У Рены, к которой мы отправились, Никки пытались убедить вымыться и поесть. Она не хотела ни того, ни другого. Даже не вымыла рук, как я просил. А ведь она целый день провела с мертвой, гладила ее лицо. Никки все это время молча просидела на стуле, ожидая, когда можно будет вернуться. Спустя час я позвонил узнать, как дела у бальзамировщика.

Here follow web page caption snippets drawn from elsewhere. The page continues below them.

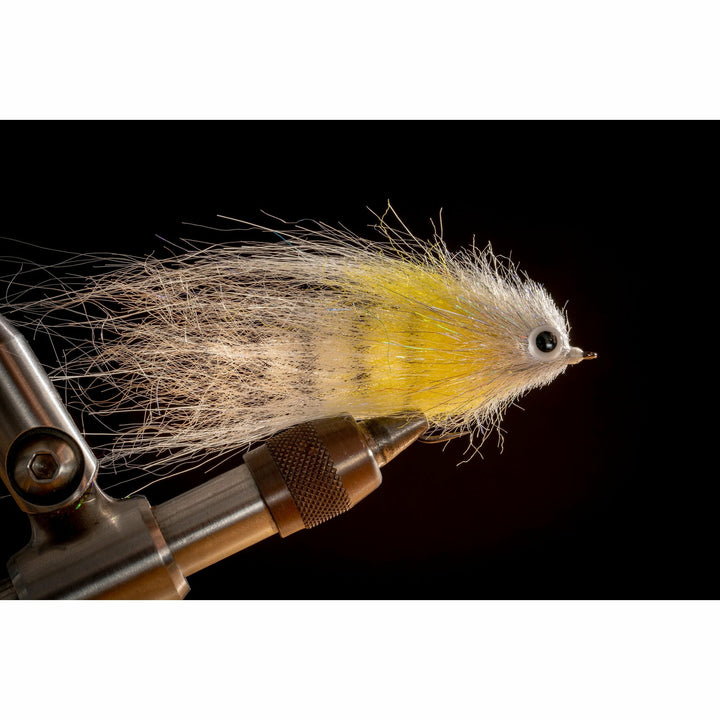 Finished Banana Creme DL3 Minnow fly with yellow belly and silver body on black background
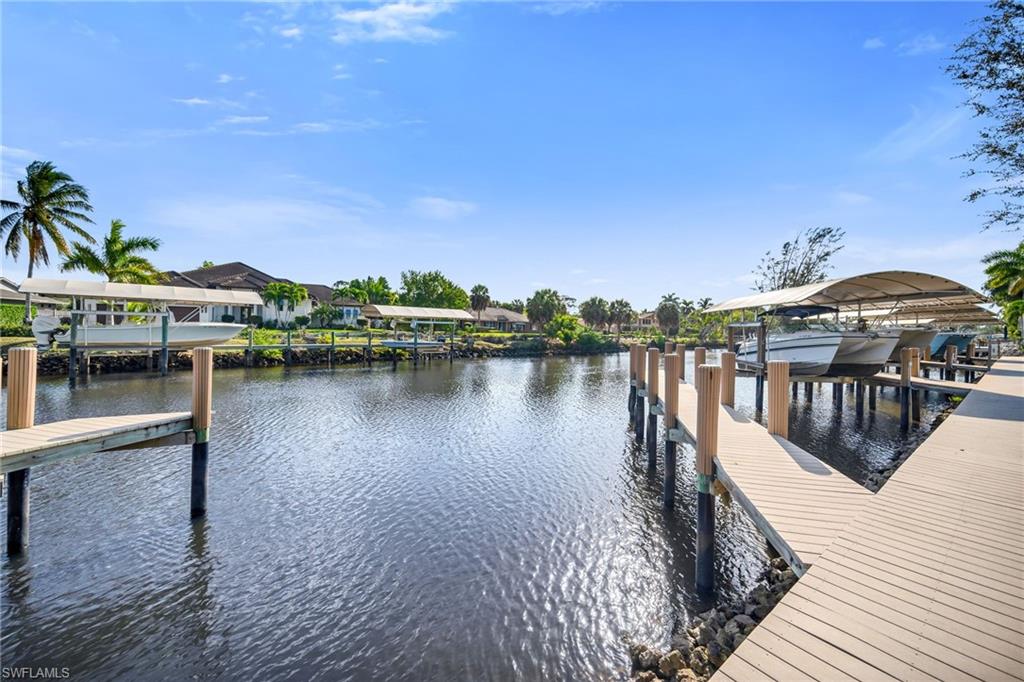 1671 Vinland Way Naples, FL 34105 - Photo 28 of 50 a view of a lake with houses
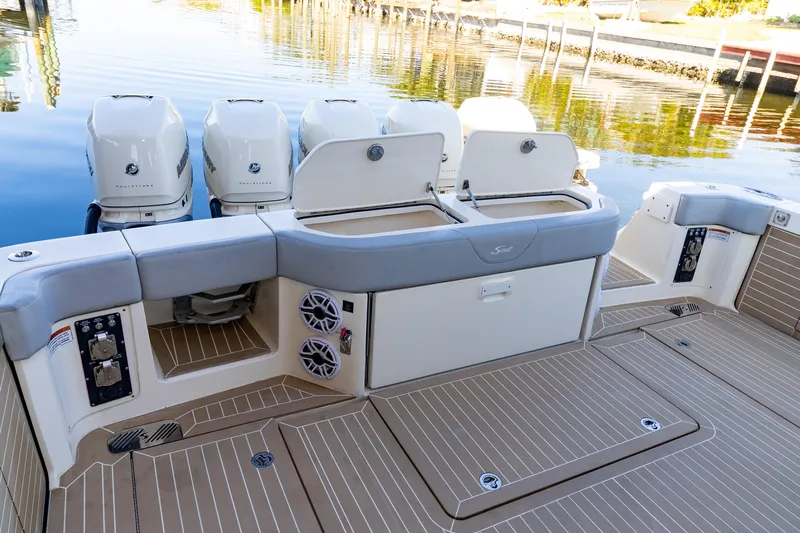  Yacht Photos Pics 2020 Scout 530LXF boat deck with quad engines and sleek design.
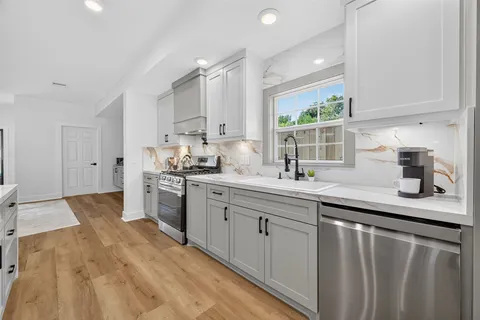 a kitchen with a sink stove and cabinets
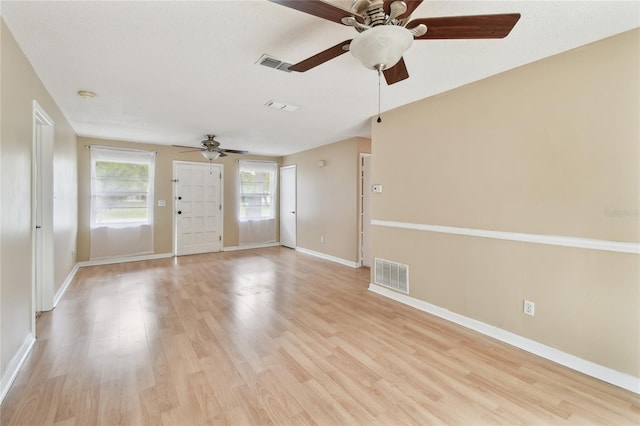 191 Ruskin St, Lake Mary, FL 32746 - empty room with ceiling fan, light wood-style floors, and a smoke detector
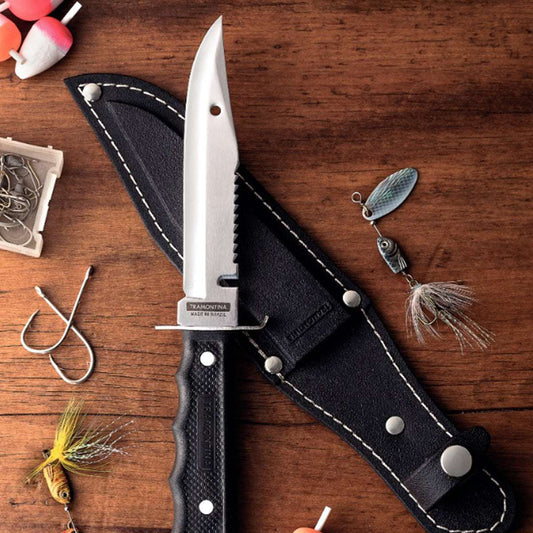 Fishing knife with sheath on a wooden surface with fishing lures and hooks.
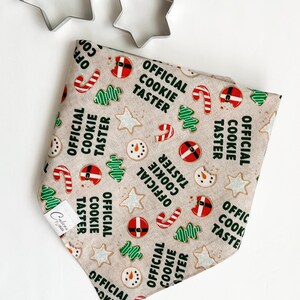May include: A beige bandana with a repeating pattern of Christmas cookies, candy canes, and snowmen. The text "Official Cookie Taster" is printed on the bandana.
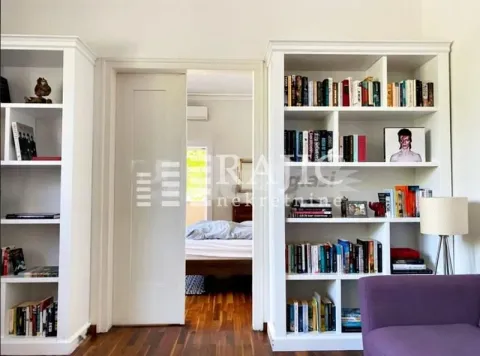 Living room with white bookshelves and a view into the bedroom. - image 2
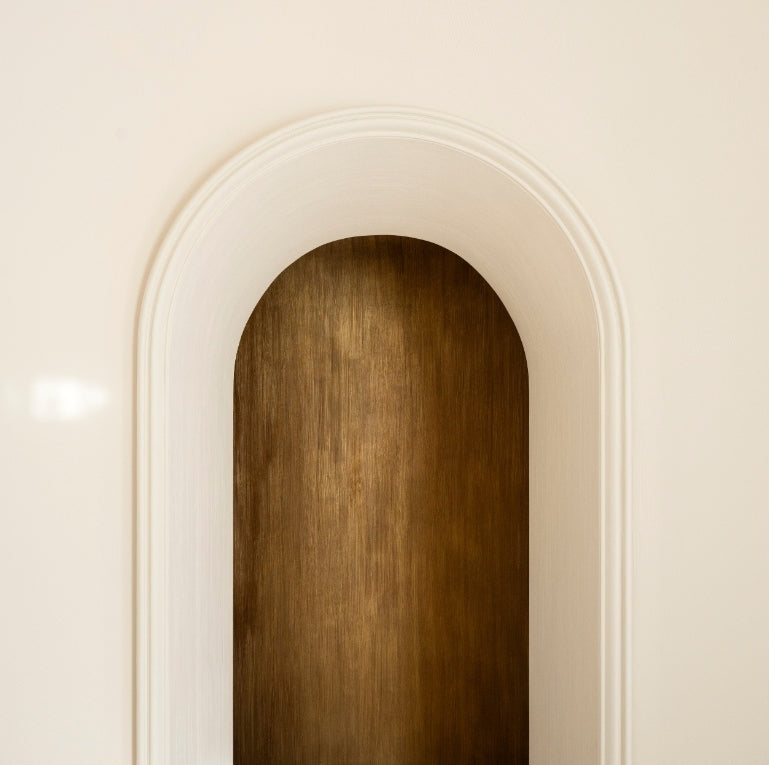 Layered arched niche with a patinated bronze panel in the Paris 16th apartment by Tala Fustok Studio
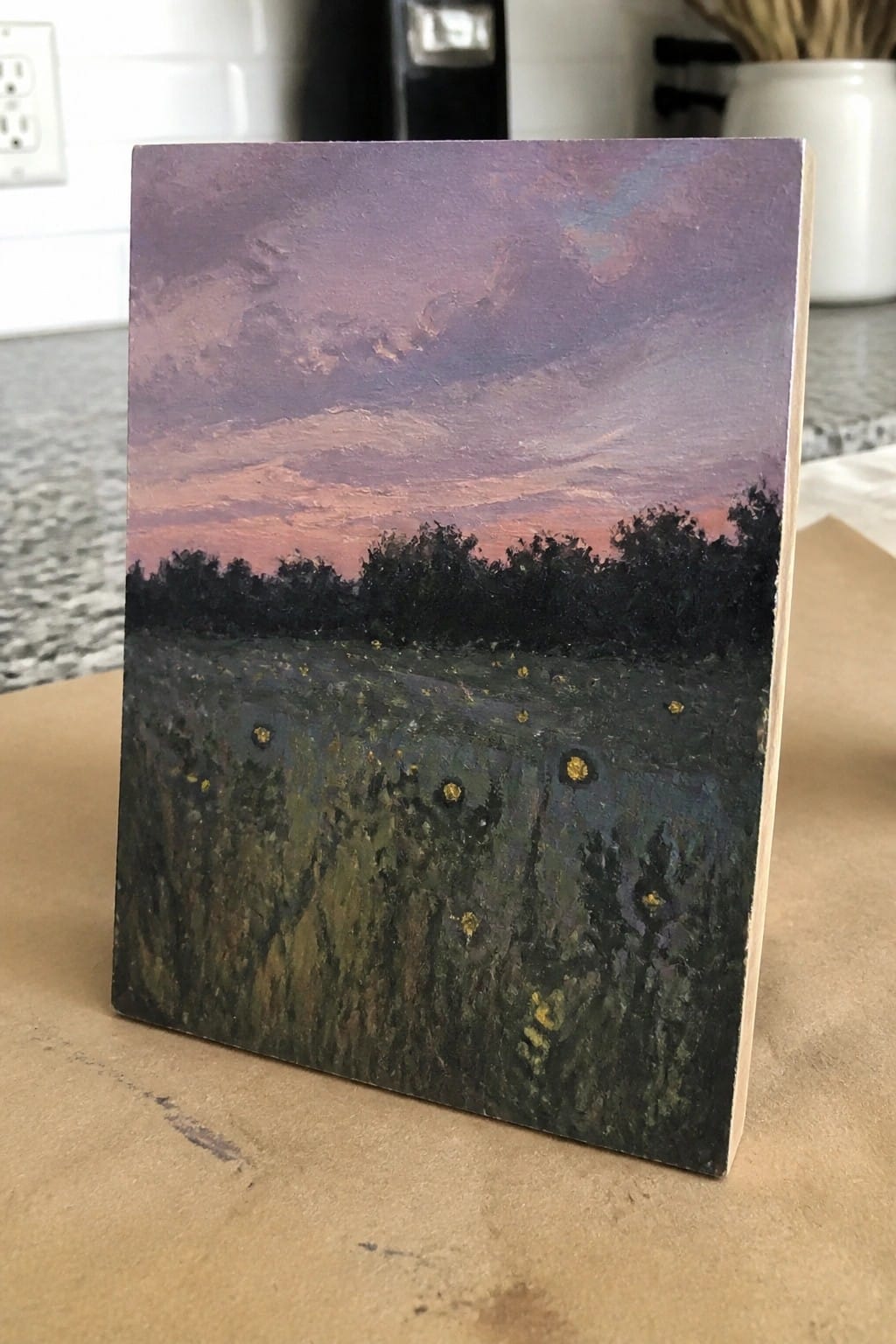 Impressionistic oil painting on wood of purple-pink sunset over dark meadow with yellow flowers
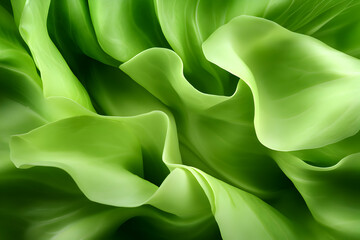 Wall Mural - Close-up of vibrant green leaves with smooth, flowing textures and organic patterns.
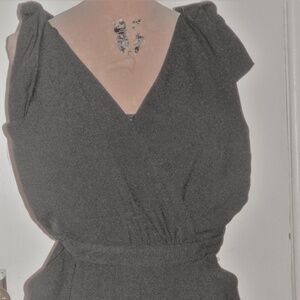 BLACK ROMPER FRONT WRAP V-NECK TO STRAP W BACK LACE AND BACK STRAPS TIED AT TOP
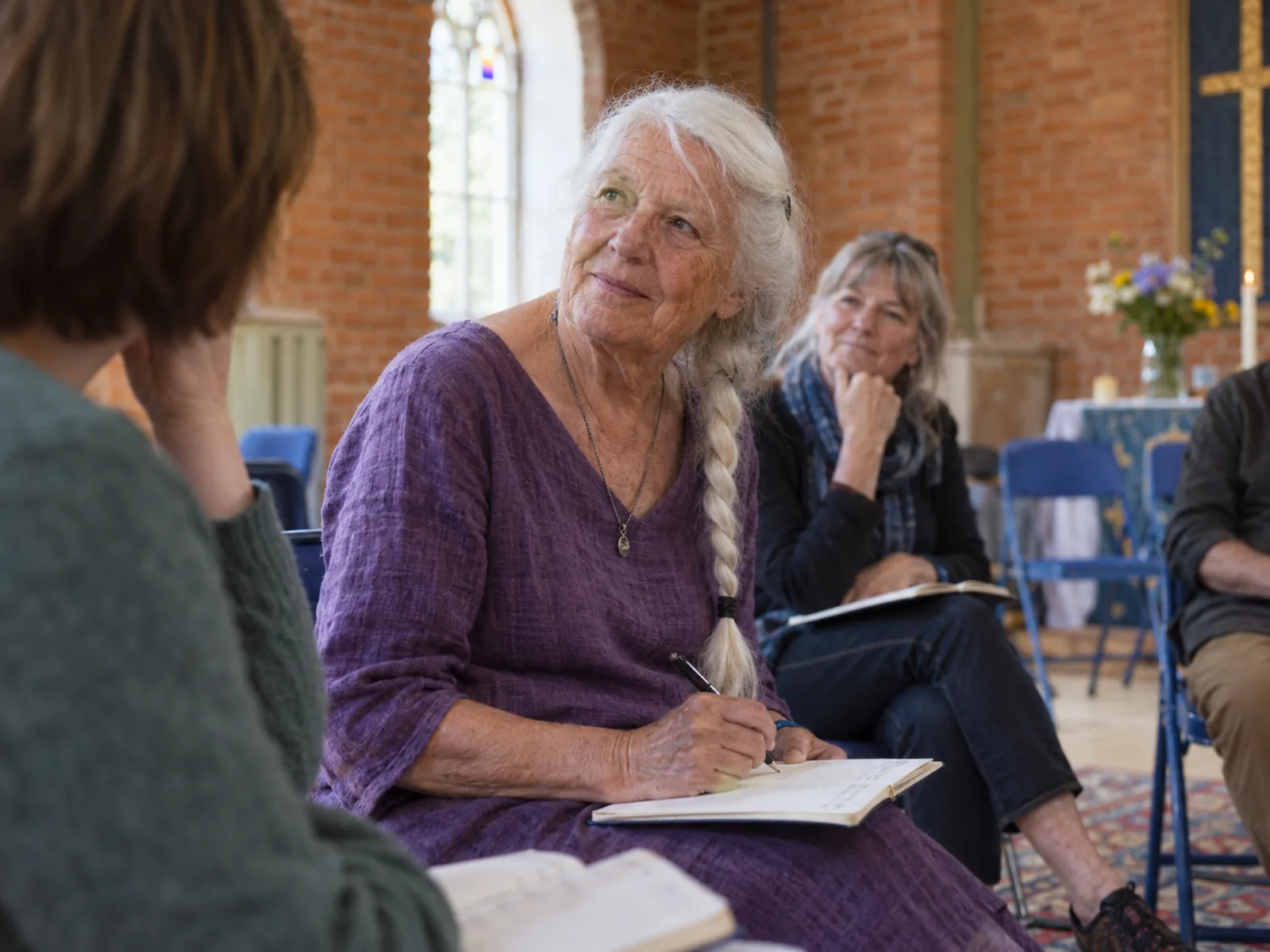 Older woman with a long white plait taking notes during a small group discussion in a brick hall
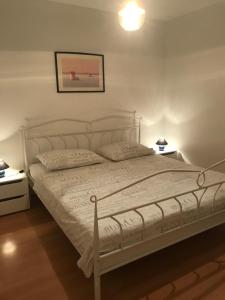 1 dormitorio con 1 cama blanca y 2 mesitas de noche en Villa Maria, en Zadar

«Я закончил, сэр», — сказал он. «Все как было?» — спросил я. «Да, сэр. Только у изголовья, на подушке, цветы». Их там не было, когда мы уходили. Должно быть, он положил цветы, которые Нед срезал утром. «Пришлось поправить челюсть, — сказал он мне. — Так лучше будет смотреться в гробу». — «Хорошо. Когда будете уходить, просто захлопните за собой входную дверь. Мы скоро придем. Вы не могли бы оставить лампу включенной?» — «Я оставил, сэр. Маленькую лампу у нее в головах». Хорошенький натюрморт он сотворил.
Первое, что я увидел…
Это именно Шаббату он хотел дать по голове. Ну конечно же! Это Шаббата он хотел застигнуть за осквернением могилы матери! Недели, а может, и месяцы во время ночных дежурств Мэтью, должно быть, наблюдал за ним из патрульной машины. С тех пор как раскрылась безобразная история с Кэти Гулзби, Мэтью, как и многие другие оскорбленные граждане, потерял к Шаббату всякое уважение и давал ему это понять — встретив, не показывал, что они знакомы. Обычно, объезжая вверенный ему участок, Мэтью любил посигналить тем, кого знал ребенком в Мадамаска-Фолс, и до сих пор был снисходителен к знакомым, когда они нарушали правила. Как-то он проявил снисходительность и к Шаббату. Мэтью тогда только что окончил академию, не набрался еще всяких профессиональных хитростей и работал в патрульной бригаде. Он некоторое время следовал за Шаббатом, который ехал с явным превышением скорости после веселого свидания в Гроте. Потом подал ему сигнал остановиться у обочины. Когда Мэтью через ветровое стекло увидел, кто водитель, он покраснел: «Оп-па!» Они с Розеанной подружились в последний год его учебы в школе, и не однажды (когда она пила, она все повторяла по несколько раз) она замечала, что Мэтью Балич — один из самых способных ее учеников в Камберленде. «Что я сделал не так, офицер Балич?» — поинтересовался Шаббат очень серьезно, как и полагается законопослушному гражданину. «Боже мой, сэр, да вы просто летели, а не ехали!» — «Ох!» — сокрушенно вздохнул Шаббат. «Ну ладно, не волнуйтесь, — сказал Мэтью. — Когда речь идет о моих знакомых, я перестаю быть таким уж свирепым копом. Никому не говорите, но не в моих правилах вести себя так с теми, кого я знаю. Я и сам превышал скорость, когда не был полицейским. Чего уж там». — «Это очень любезно с вашей стороны. Что я должен сделать?» — «Ну, во-первых, — ответил Мэтью, и широкая улыбка осветила его лицо с приплюснутым носом — такая же, какую Шаббат видел в тот день на лице у его матери, когда она кончила в третий или в четвертый раз… — во-первых, вы должны сбавить скорость. И вообще давайте-ка отсюда. Езжайте! До встречи, мистер Шаббат! Передавайте привет Розеанне!»